> **Exercise**
Once you reach the line that holds "House for sale in Rosrath, Germany" in the listing below, output it and every line after it through the line that holds "Spacious & Sunny", word for word.

> **Raw data**
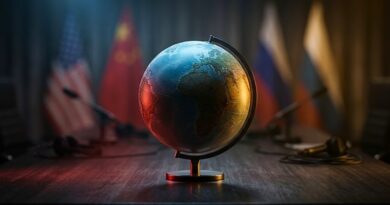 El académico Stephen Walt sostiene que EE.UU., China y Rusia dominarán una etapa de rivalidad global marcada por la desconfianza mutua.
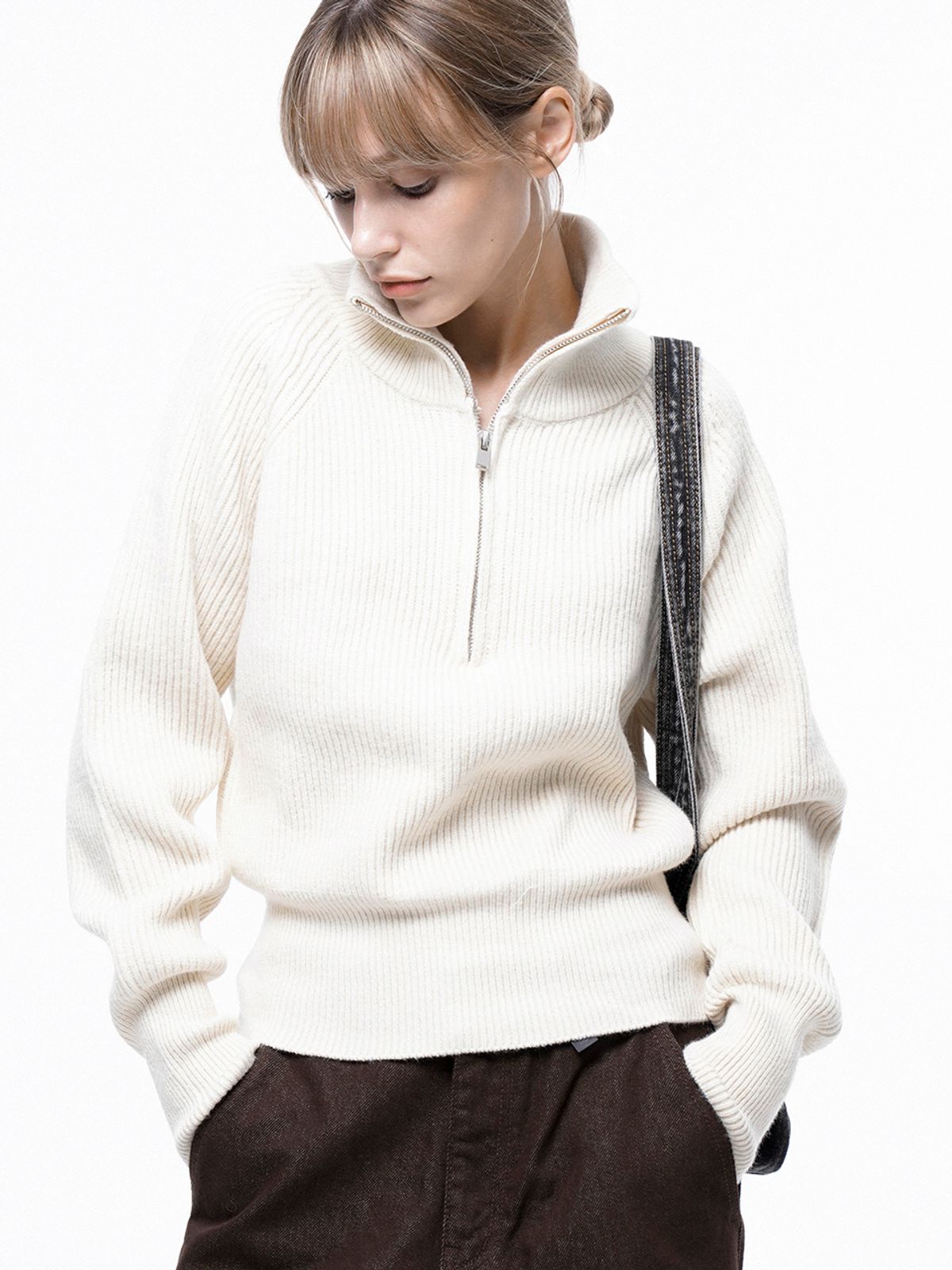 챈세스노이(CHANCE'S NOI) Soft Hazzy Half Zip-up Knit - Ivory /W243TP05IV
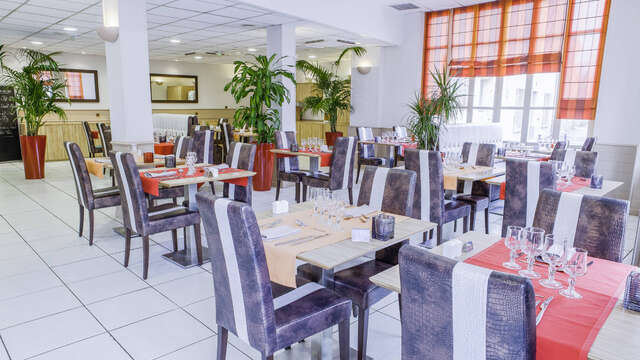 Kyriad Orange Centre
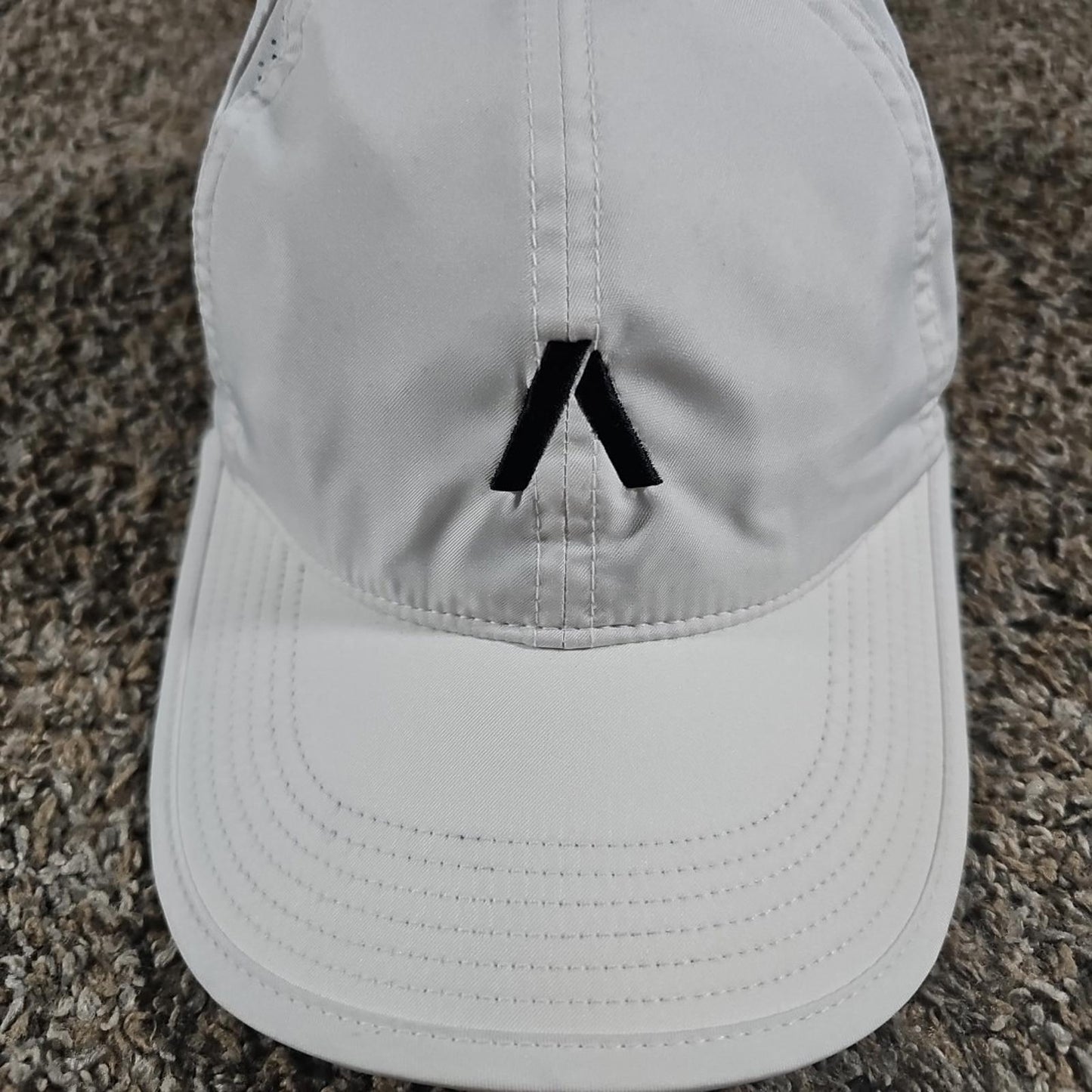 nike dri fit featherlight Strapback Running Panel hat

==

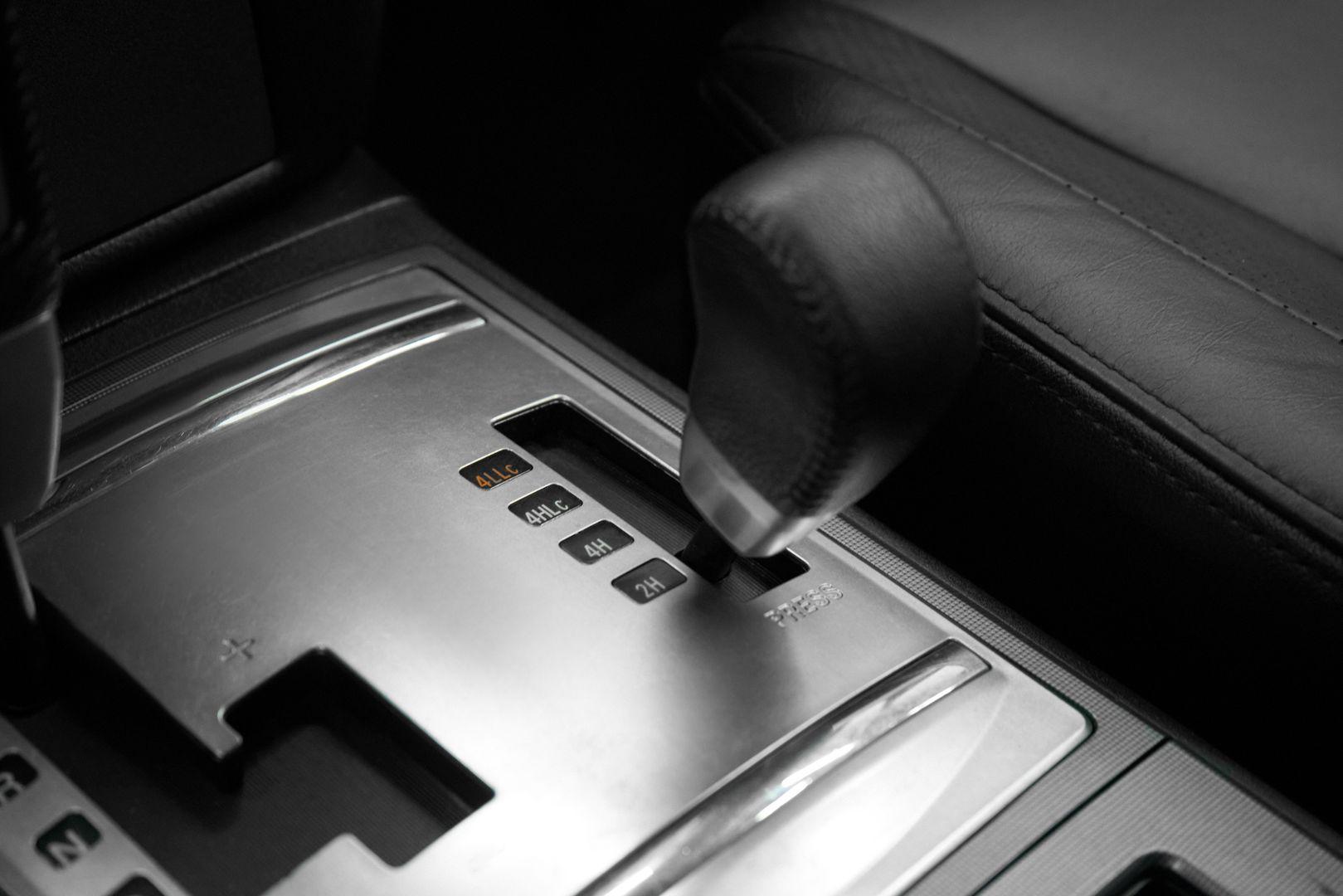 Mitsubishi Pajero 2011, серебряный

--

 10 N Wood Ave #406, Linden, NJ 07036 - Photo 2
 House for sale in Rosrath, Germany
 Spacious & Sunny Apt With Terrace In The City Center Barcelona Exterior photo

> **Result of the task**
 House for sale in Rosrath, Germany
 Spacious & Sunny Apt With Terrace In The City Center Barcelona Exterior photo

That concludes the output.